*Exercise brief*.
Return the data below in full and exactly, except that the pictures are dropped.

(Collected material begins)

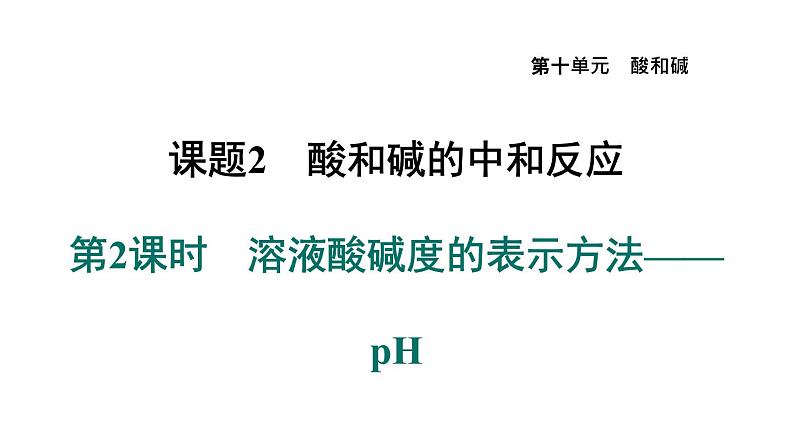 人教版九年级化学下册10-2-2溶液酸碱度的表示方法——pH课件01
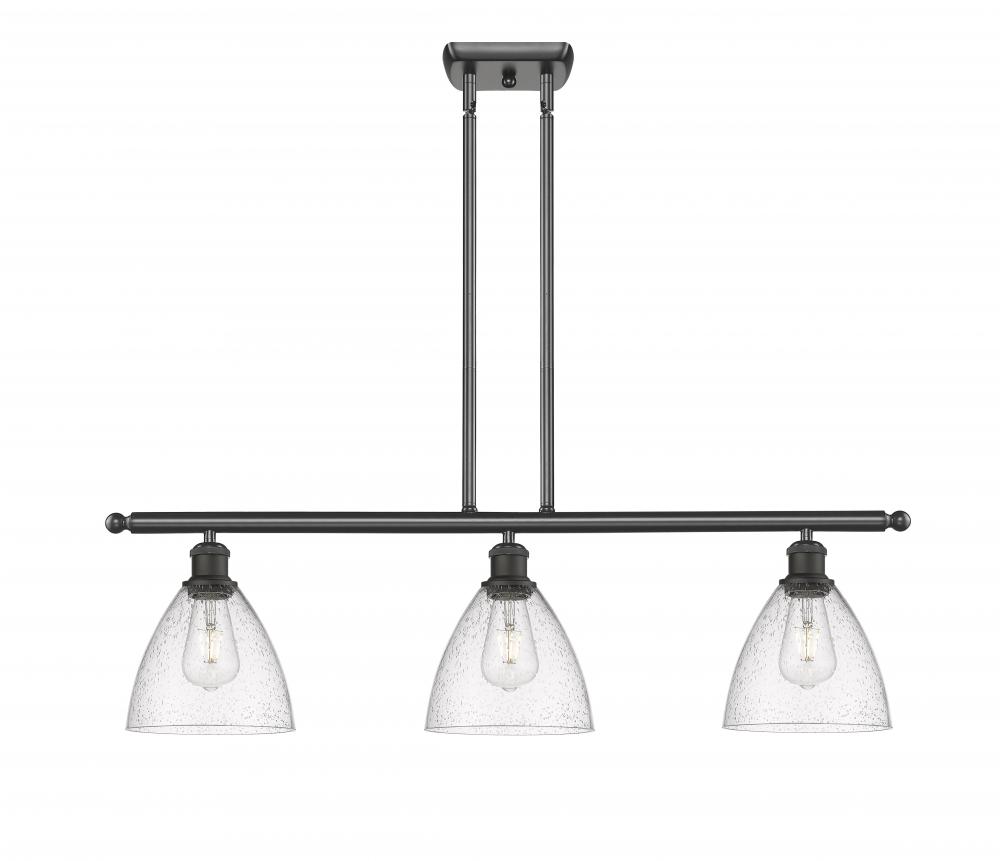 Bristol - 3 Light - 36 inch - Oil Rubbed Bronze - Cord hung - Island Light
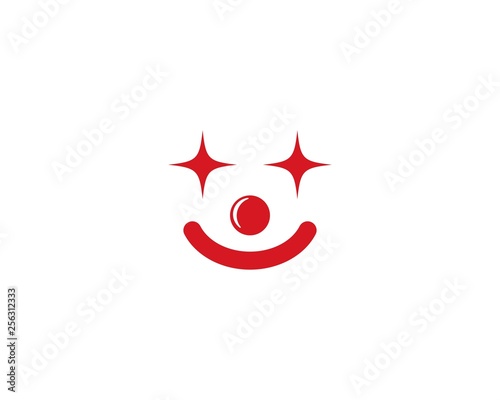 Clown logo template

(Collected material ends)

*Response to the exercise*.
 人教版九年级化学下册10-2-2溶液酸碱度的表示方法——pH课件01
 Bristol - 3 Light - 36 inch - Oil Rubbed Bronze - Cord hung - Island Light
 Clown logo template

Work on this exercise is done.